Quienes tienen salud y medios económicos que se lo permitan, no se privan (y bien que hacen) de dedicar un dinero y un tiempo a darse un garbeo por esos mundos de Dios, aún a costa de padecer el calvario que supone pasar horas inacabables de espera en un aeropuerto, la pérdida de la maleta cuyo contenido era imprescindible, o perder un vuelo a causa de haber caído en el cepo de un atasco el taxi que los llevaba al aeropuerto. Pero todo esto, este rosario de prisas, agobios y sobresaltos, forman parte integral del viaje-aventura que se proponían realizar, completa y da emoción a la mini-odisea que posteriormente contarían, no sin cierto asomo de orgullo, a amigos y familiares.
Quienes cuando disfrutábamos el rigor de la juventud no teníamos dinero ni tiempo para corrernos estas aventuras tan saludables, porque además andábamos criando a la prole, y ahora tendríamos posibilidad de rebañar algunas perrillas para permitirnos tal lujo, la juventud se nos va convirtiendo en reuma y otras pejigueras que no van acorde con esos trotes, vivimos estos fulgores estivales en nuestras queridas sierras (que no están nada mal) adobando los días con nuestro sol, paella y sangría, viendo, a través de la caja tonta, cómo funciona el mundo y cómo no funciona nuestra política nacional, enquistada en un amasijo de egoísmos y sinrazones.
Desde la benevolencia de nuestro estío serrano vemos, también, aunque difuminada por un sinfín de noticias, esa otra sangría permanente de seres humanos que mueren ahogados un día sí y otro también practicando ese otro “turismo” forzoso: el de la desesperación, el de quienes no buscan ampliar sus conocimientos, puesto que son recibidos a palos y enjaulados entre alambres espinosos, sino poner tierra de por medio entre sus tierras y sus casas en donde, además del hambre, tienen muchas posibilidades de terminar despanzurrados bajo toneladas de escombros, huyen de las bombas cuya fabricación y venta ha enriquecido a otros.

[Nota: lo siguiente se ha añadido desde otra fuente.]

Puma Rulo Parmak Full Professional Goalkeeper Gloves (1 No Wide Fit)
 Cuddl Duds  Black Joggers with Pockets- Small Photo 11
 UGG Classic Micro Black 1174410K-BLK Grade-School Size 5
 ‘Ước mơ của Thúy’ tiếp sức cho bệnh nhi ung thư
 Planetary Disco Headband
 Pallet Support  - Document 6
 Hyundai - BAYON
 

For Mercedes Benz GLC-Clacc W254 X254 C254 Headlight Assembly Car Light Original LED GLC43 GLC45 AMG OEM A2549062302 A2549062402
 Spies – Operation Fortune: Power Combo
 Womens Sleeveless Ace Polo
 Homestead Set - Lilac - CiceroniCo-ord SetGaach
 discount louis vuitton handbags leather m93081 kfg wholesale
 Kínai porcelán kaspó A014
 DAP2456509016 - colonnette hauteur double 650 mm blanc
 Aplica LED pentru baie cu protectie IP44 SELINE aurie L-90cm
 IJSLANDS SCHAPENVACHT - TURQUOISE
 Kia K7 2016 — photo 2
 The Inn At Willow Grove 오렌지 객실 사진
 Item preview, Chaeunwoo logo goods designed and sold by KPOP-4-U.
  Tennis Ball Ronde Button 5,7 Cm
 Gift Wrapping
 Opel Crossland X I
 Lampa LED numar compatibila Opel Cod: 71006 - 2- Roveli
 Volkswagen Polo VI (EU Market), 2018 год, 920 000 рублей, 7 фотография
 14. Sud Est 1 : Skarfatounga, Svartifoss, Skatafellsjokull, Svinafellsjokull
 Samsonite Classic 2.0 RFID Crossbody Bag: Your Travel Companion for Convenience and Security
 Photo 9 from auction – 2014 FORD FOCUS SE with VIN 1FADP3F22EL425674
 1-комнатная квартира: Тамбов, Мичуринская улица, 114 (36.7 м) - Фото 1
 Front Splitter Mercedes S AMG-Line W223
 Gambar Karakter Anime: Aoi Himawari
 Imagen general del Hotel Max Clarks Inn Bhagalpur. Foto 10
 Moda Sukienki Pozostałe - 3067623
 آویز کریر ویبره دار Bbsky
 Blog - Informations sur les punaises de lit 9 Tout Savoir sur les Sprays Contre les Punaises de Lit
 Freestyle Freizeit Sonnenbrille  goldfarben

Dicen que la Historia es el tribunal que al fin pone a cada cual en el lugar que le corresponde y, puede que algo de verdad haya en esta afirmación, puesto que tenemos un ejemplo en el caso de la invasión de Irak: poco a poco, paso a paso, se va desliando la madeja dando a conocer que aquel genocidio se inspiró en una trama de falsedades y los tres siniestros personajes que lo decidieron en las Azores están quedando con el culo al aire, pero… ¿alguien va a resucitar a los muertos?